Что-то в ее размышлениях выбивалось из стройной картины, маячило, жужжало навязчивой мухой, но она не могла уловить, что именно. От напряженной работы мысли она остановилась, и, когда луч могуто-камня выхватил Гошину фигуру из темноты, Клара поняла и от возмущения поставила на землю ридикюль с банкой, в которой плюхалась заряженная бурда.

— Сию секунду, Наташа! Немедленно ответь! Ведь на кладбище нет ниппелей! А? За дуру меня держишь?

Она намеренно назвала ее по имени, как делала бабушка, когда сердилась, но голос Клары сорвался на высокую ноту, и «А?» получилось истеричным, а вовсе не суровым.

Гоша тряхнула грязной матерчатой сумкой, в которой что-то звякнуло.

— Теперь есть! — и загоготала, разнося эхо по притихшим могилам.

— Какого черта тогда мы тут делаем?! Зачем тебе это?

— Не чертыхайся, дорогая. Тебе это не идет.

На плече Гоша несла толстую палку с широкой ржавой пластиной на конце — лопата?

— Пойдем, — сказала она и подняла ридикюль. — Обещаю тебе незабываемую ночь. На таком карнавале ты еще не бывала.

Клара, устыдившись своей вспышки, отобрала лопату и ридикюль и пошла рядом.

— И нечего так орать! — капризно сказала она. — Аж голова разболелась. Надо — так и скажи. Я понимаю слова.

Когда луч могуто-камня выхватил обветшалые ворота старого кладбища, она с облегчением вздохнула. Что бы там не задумала Гоша, надо быстрей все закончить и вернуться домой.

— Добрый вечер, фройлян, — произнесла вдруг темнота, и Клара поплыла, теряясь в сумрачной реальности.

— Ох, ёпт! — крепкие руки обхватили ее за плечи и встряхнули.

Выпавший из рук могуто-камень осветил снизу небритого Иннокентия, казавшегося в неровном свете коварным и притягательным злодеем.

— Ах! Это вы!

— А вы кого ждали?

— Боже, какое счастье, что это вы!

— Ээ… Хм…Я тоже рад вас видеть, фройлян.

— Ну что, идем? — спросила Гоша и пошла вперед, показывая дорогу.

Они долго плутали по едва видным тропам, сквозь кустарники, мимо пугающе-тёмных памятников, и, наконец, вышли к малозаметной, поросшей травой могиле. Гоша, нырнула в заросли травы и через минуту появилась снова, с репьем и травинками в волосах.

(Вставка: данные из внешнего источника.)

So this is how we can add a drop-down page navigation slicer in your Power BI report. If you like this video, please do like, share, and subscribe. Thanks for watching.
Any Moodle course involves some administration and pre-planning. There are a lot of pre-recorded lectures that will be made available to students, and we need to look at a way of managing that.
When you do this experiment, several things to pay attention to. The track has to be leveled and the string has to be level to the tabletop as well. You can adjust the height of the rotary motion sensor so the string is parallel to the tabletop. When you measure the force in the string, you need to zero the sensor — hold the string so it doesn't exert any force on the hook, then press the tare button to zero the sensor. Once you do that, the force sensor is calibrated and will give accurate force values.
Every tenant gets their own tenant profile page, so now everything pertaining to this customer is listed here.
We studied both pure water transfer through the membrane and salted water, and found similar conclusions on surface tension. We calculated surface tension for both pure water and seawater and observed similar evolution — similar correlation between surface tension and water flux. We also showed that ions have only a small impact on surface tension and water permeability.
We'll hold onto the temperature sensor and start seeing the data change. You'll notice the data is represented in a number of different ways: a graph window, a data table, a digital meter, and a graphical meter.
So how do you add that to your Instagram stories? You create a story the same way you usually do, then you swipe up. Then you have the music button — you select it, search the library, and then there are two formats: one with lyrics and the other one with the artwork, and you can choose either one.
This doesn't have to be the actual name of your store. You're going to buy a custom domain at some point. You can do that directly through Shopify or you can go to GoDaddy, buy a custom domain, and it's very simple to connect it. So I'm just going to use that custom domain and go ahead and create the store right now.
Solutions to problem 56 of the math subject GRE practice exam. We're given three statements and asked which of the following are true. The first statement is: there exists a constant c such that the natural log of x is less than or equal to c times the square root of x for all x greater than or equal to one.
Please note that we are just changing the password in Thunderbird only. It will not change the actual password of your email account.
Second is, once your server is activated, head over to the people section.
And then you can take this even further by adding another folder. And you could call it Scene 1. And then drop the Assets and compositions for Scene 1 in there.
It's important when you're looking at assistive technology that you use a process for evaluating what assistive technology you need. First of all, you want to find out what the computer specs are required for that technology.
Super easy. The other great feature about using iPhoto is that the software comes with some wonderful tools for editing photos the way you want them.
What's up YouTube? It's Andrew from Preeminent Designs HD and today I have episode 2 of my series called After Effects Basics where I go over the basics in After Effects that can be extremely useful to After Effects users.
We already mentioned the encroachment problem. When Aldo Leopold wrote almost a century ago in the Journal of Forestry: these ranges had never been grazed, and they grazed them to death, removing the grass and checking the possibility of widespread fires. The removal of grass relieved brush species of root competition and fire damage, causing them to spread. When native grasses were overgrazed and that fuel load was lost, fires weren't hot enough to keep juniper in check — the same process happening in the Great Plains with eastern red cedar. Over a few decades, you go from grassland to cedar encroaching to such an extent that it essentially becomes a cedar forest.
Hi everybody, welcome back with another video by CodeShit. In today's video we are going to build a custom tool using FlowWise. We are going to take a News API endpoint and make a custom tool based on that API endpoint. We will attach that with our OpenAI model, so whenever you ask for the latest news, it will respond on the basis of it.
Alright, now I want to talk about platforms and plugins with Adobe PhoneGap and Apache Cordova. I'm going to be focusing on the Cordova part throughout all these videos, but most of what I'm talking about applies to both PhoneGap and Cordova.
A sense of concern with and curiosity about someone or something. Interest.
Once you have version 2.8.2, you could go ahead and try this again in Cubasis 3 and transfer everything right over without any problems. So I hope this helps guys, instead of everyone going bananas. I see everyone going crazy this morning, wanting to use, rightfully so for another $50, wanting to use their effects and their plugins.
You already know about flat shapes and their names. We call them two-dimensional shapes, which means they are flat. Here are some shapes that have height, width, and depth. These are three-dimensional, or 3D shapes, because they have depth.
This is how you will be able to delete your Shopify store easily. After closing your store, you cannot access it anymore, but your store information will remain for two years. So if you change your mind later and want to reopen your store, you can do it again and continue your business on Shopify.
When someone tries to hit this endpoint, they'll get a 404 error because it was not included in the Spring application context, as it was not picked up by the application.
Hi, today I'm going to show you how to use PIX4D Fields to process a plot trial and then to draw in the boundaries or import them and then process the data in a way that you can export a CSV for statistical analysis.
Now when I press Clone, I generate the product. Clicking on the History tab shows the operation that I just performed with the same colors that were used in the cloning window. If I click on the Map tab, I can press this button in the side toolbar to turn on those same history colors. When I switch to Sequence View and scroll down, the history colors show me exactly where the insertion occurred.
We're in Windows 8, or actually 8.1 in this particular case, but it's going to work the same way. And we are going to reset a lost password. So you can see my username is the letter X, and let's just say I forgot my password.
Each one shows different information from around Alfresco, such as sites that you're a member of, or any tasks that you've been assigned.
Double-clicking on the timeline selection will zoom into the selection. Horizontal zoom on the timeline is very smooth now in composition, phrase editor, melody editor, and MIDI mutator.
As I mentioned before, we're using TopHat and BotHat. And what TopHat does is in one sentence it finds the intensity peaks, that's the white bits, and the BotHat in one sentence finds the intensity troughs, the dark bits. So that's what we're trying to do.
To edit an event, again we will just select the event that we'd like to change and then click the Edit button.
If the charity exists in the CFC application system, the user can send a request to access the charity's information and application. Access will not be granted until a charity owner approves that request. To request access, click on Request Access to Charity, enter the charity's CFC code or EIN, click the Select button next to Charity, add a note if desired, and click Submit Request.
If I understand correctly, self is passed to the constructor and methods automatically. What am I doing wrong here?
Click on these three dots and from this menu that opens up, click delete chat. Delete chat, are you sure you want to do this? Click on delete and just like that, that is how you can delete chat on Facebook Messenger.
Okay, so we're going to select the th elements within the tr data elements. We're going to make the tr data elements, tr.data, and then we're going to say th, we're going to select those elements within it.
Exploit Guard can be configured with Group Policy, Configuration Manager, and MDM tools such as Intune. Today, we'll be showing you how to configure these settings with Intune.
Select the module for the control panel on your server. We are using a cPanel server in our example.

— Это здесь. Поторопимся! У нас мало времени.

Она подняла руку Клары с могуто-камнем вверх и приказала:

— Держи так.

Дала слесарю лопату:

— На. Копай здесь, — и указала прямо на могилу.

— Что значит «копай»? — недоуменно пробасил Иннокентий.

— То и значит! — Клара слышала в голосе подруги нервную дрожь, и саму ее тоже потряхивало от скопившегося вокруг Гоши напряжения. Но она согласилась со слесарем: и правда — что значит «копай»?

— Ниппеля в могиле, Иннокентий. Чтобы их достать, нужно раскопать могилу.

— Не понял. Как «в могиле»?

— Так — «в могиле», Иннокентий. Буквально… Древний обычай. Неужто не слыхал?

— Нет.

— Послушай. — Гоша говорила резко, и даже немножко по-мужски. — Тебя рекомендовали, как профессионала. Не разочаровывай меня, ладно? Уж кто-кто, а ты, как слесарь, должен знать древний обряд захоронения, когда вместе с умершим клали в гроб его рабочие инструменты. У бухгалтера это был «Паркер», у менеджера — органайзер, а у слесаря… ну ты сам понял. Во избежание мародёрства, перечень инструментов записывался в погребенной книге кладбища рядом с данными об умершем и месте захоронения. Мне удалось найти эти книги. Некто Кравцов пожелал унести с собой весь аварийный запас небольшой жилищно-коммунальной конторы.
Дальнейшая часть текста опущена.